TASK INSTRUCTIONS - In the material below, find the line containing "Capsulorhexis is now" and the line containing "Happy Science Week!", then reproduce exactly both of them and every line between, and nothing else.

GIVEN RECORDS -

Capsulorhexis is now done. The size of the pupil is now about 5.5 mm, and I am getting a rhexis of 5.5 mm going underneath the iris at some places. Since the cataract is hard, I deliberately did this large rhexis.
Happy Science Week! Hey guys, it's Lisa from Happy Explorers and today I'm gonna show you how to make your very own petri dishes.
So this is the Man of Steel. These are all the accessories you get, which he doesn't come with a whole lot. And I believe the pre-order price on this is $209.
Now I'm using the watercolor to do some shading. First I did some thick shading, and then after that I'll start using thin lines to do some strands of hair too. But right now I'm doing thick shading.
--
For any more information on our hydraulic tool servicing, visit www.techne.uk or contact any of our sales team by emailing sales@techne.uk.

ANSWER FOR THE TASK -
Capsulorhexis is now done. The size of the pupil is now about 5.5 mm, and I am getting a rhexis of 5.5 mm going underneath the iris at some places. Since the cataract is hard, I deliberately did this large rhexis.
Happy Science Week! Hey guys, it's Lisa from Happy Explorers and today I'm gonna show you how to make your very own petri dishes.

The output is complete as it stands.